More Dollars for the Ayatollahs

Review & Outlook

Wall Street Journal

April 1, 2016

In life you don’t get what you deserve, you get what you negotiate—or so we’ve read in airline magazines. But if you’re an Iranian mullah and you’re dealing with the Obama Administration, you can get more than you negotiated, and what you never deserved.

That’s the lesson we draw from the Obama Administration’s pending decision to give Iranian banks access to U.S. dollars, probably through offshore clearing houses, despite being under no obligation to do so under last year’s nuclear deal. As Treasury Secretary Jacob Lew told the Senate last year, “Iranian banks will not be able to clear U.S. dollars through New York,” or “hold correspondent account relationships with U.S. financial institutions, or enter into financing arrangements with U.S. banks.”

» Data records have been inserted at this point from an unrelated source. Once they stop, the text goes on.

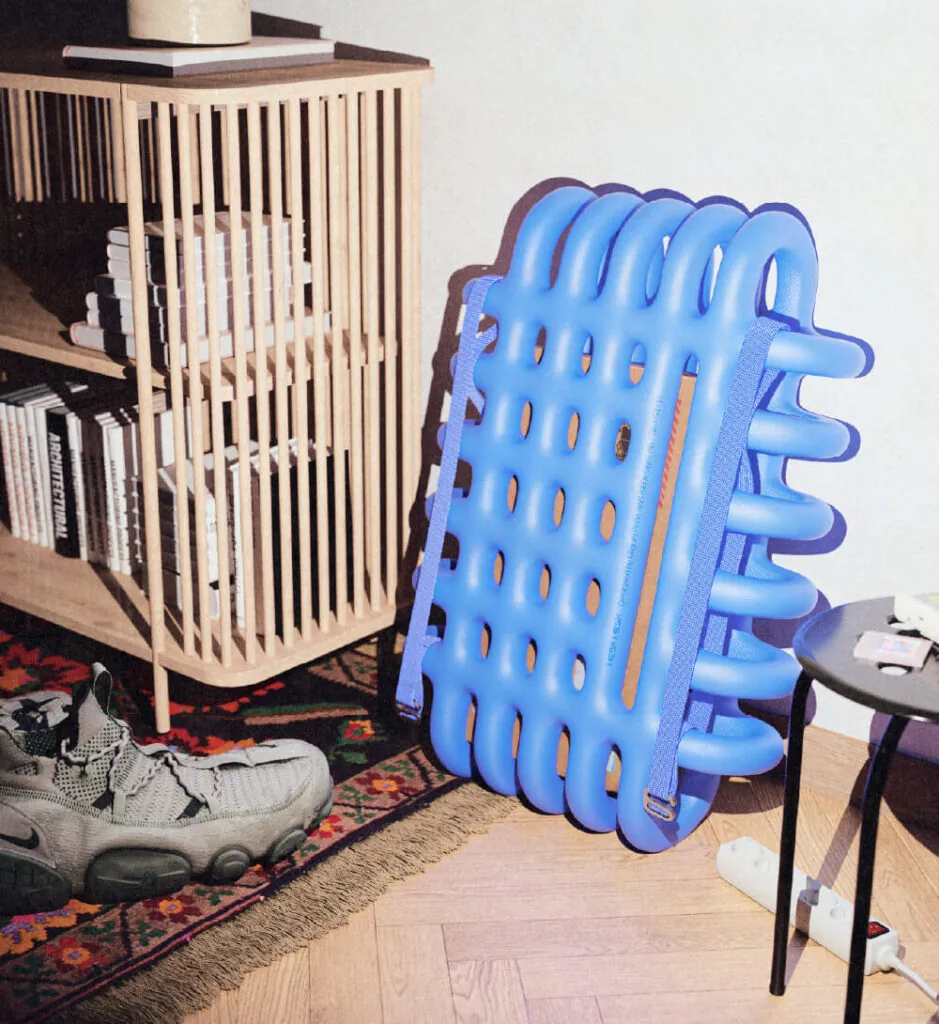 Blue foam cage like object on wooden floor and next to wall. Mega Mesh Backpack by All Design Lab.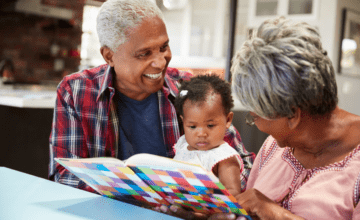 grandparents reading to infant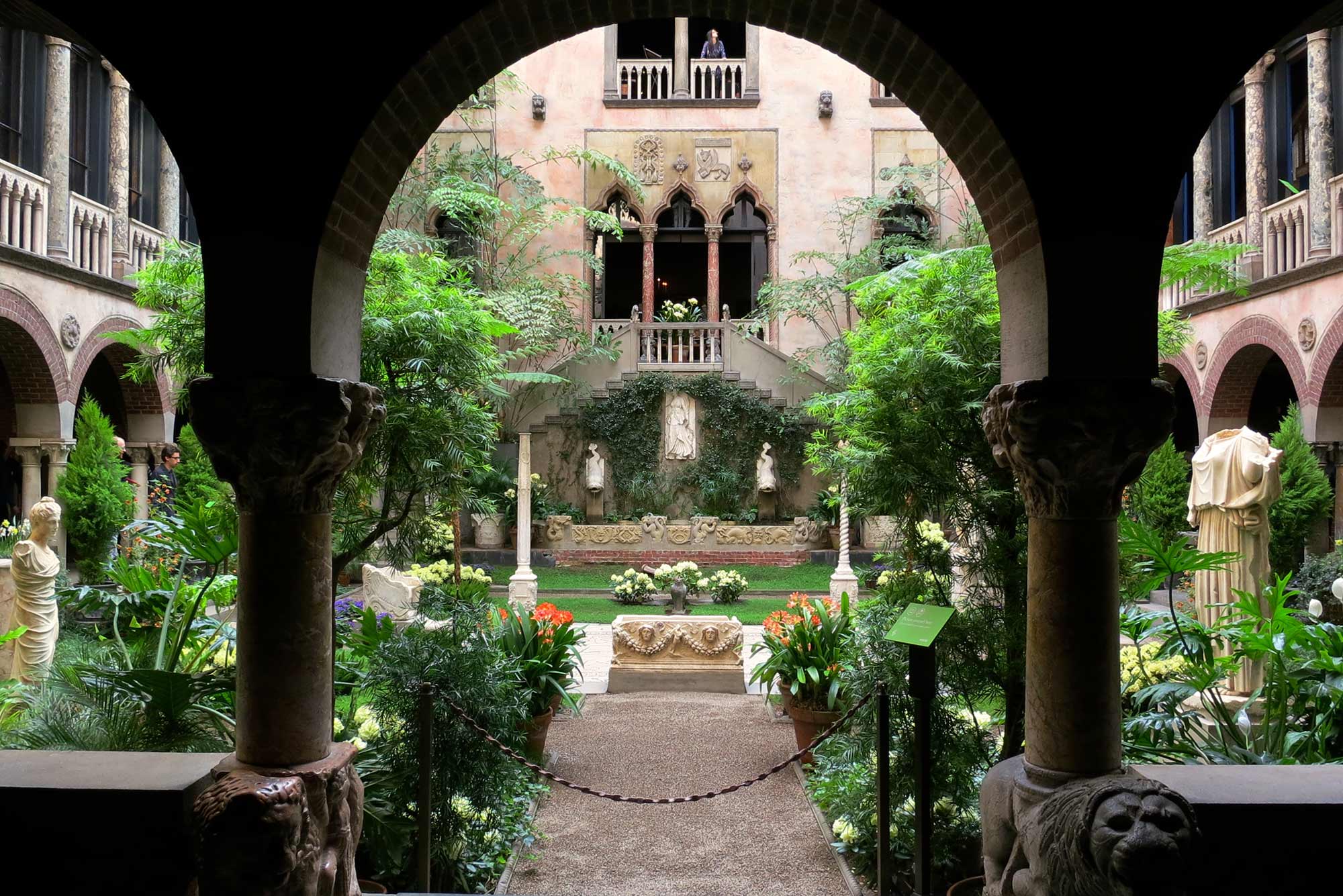 Photo of the courtyard at The Isabella Stewart Gardner Museum. The Venetian structure’s central garden is filled with greenery and flowers.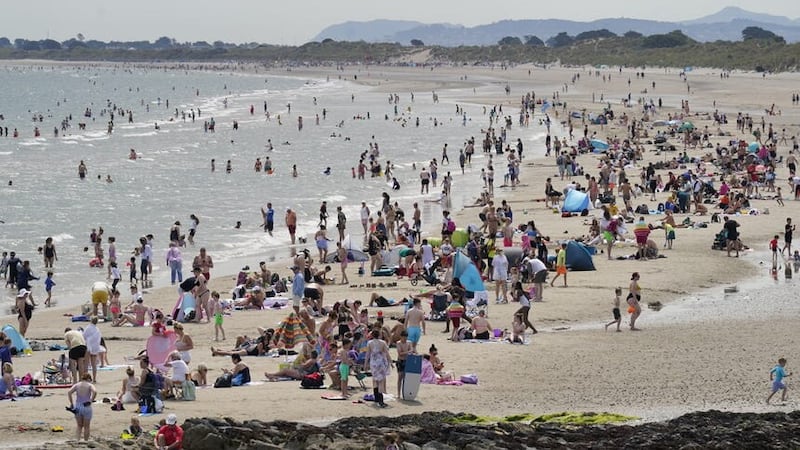 Crowds of people enjoying the sun on Portmarnock beach near Dublin (Niall Carson/PA)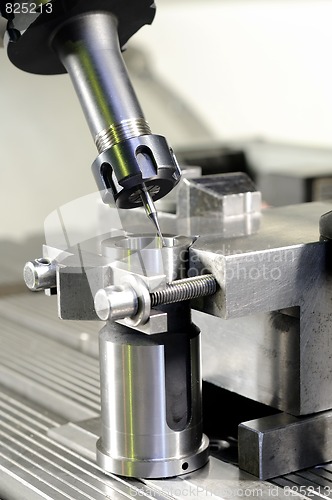 Image of milling the metal blank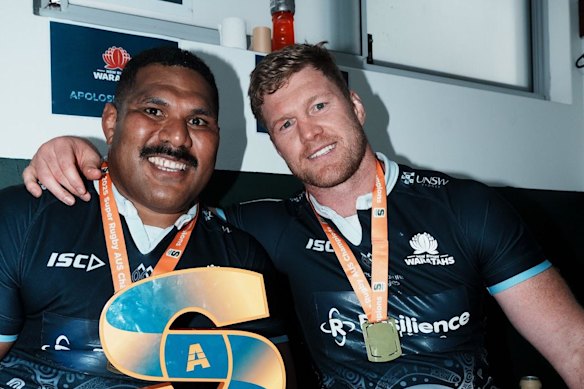 Apolosi Ranawai poses with Matt Philip after winning Super Rugby Australia in 2025.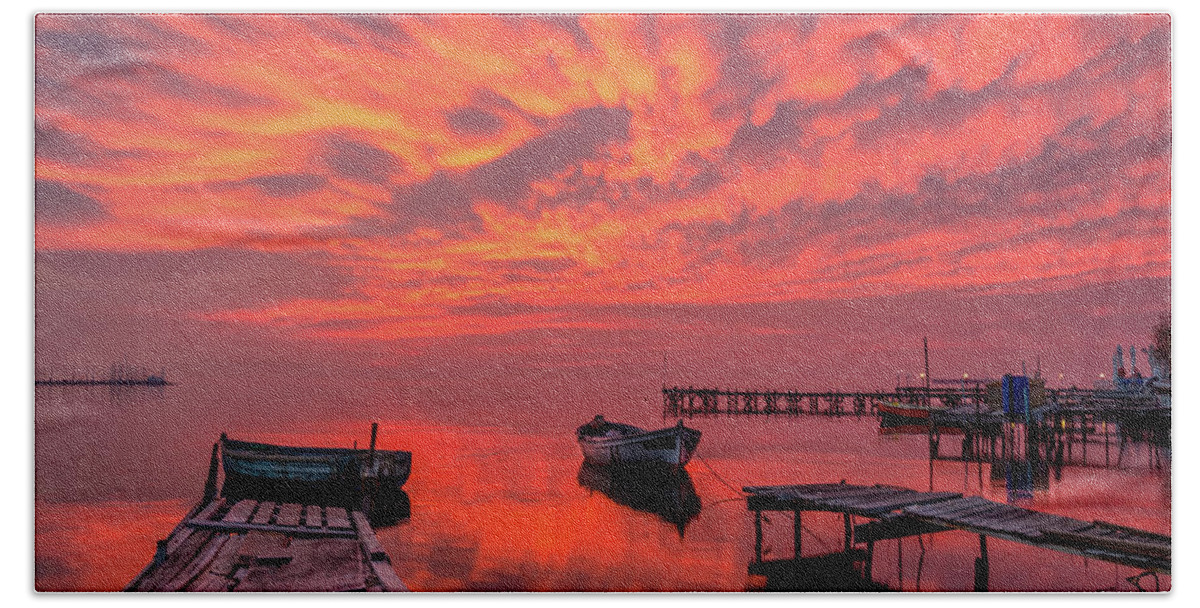 Pier Hand Towel featuring the photograph A burning sky over an old pier by Alexios Ntounas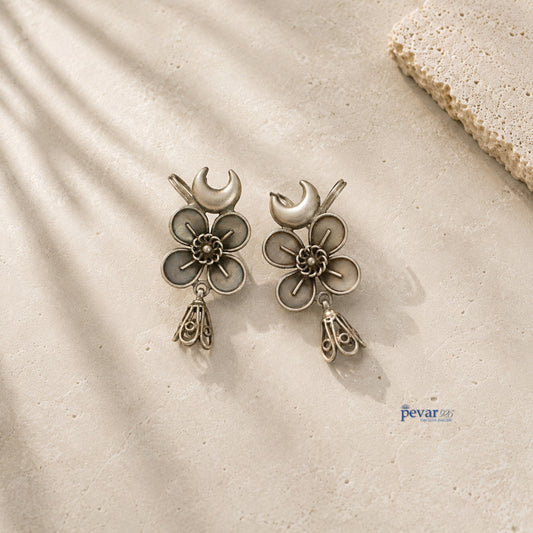 pevar925 oxidized 925 silver ear cuffs featuring crescent moon, floral motifs, and dangling jhumkis on stone surface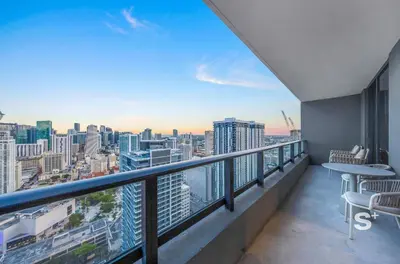 a balcony with a view of a city at Downtown 1-BD Condo with City Views in Miami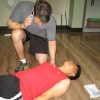 First aid performed on a man with a gunshot wound First aid performed on a man with a gunshot wound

There’s a reason Tehran is under financial quarantine. The intergovernmental Financial Action Task Force on Money Laundering, or FATF, routinely issues warnings about doing business with Iran. In February it said it was “exceptionally concerned about Iran’s failure to address the risk of terrorist financing and the serious threat this poses to the integrity of the international financial system.”

That warning is a reminder that, even in the post-nuclear deal world, Iran continues to funnel hundreds of millions of dollars and arms to Hezbollah, Hamas, the Afghan Taliban and other groups with American blood on their hands. It’s also why, in selling the nuclear deal last year, President Obama insisted that he would “vigorously” enforce sanctions on Iran for supporting terrorism.

Or not. Supreme Leader Ali Khamenei last month accused Washington of “using roundabout paths to prevent the Islamic Republic from achieving its targets,” adding that “banking transactions come up against problems.” The White House got the message. On Wednesday Mr. Lew gave a speech in Washington insisting that “since Iran has kept its end of the [nuclear] deal, it is our responsibility to uphold ours, in both letter and spirit.”

That’s a funny way of reading Iran’s post-deal behavior, since only last month the Administration denounced Iran’s recent ballistic-missile tests as “inconsistent” with the nuclear deal and pushed (fruitlessly) for sanctions at the United Nations Security Council. Iran also continues to hold Americans as hostages, including recently arrested business consultant Siamak Namazi and his father Baquer, and perhaps former FBI agent Robert Levinson.

Mr. Lew argues that there is a risk of “sanctions overreach” that could drive foreign businesses away from the U.S., and that failure to give Iran full sanctions relief would “undermine our own credibility and damage our ability to use sanctions to drive policy change.”

Mr. Lew’s argument would have more weight if Iran gave some indication that it will change the behavior for which it has been sanctioned. As for the idea that foreign multinationals might drop their U.S. ties to get Iranian business, it’s worth remembering that Iran’s economy is about the size of Philadelphia’s.

The larger question is what leverage the U.S. will have with Iran once it can transact business in greenbacks. “The next President’s ability to target malign activities with non-nuclear sanctions will be much more difficult if billions of dollarized transactions are greenlighted,” says Mark Dubowitz of the Foundation for Defense of Democracies. Europeans and Asians will balk at pulling their businesses from Iran simply because a future Administration might object to, say, Iran funneling money to Hezbollah to bomb Jewish targets in Latin America.

It’s nice to see even some Congressional Democrats, like House Whip Steny Hoyer, who voted for the nuclear deal, balk at lifting the financial sanctions. But this latest Administration cave-in could have been predicted from every previous U.S. capitulation to the mullahs. Expect other concessions as Tehran takes the full measure of America’s present weakness.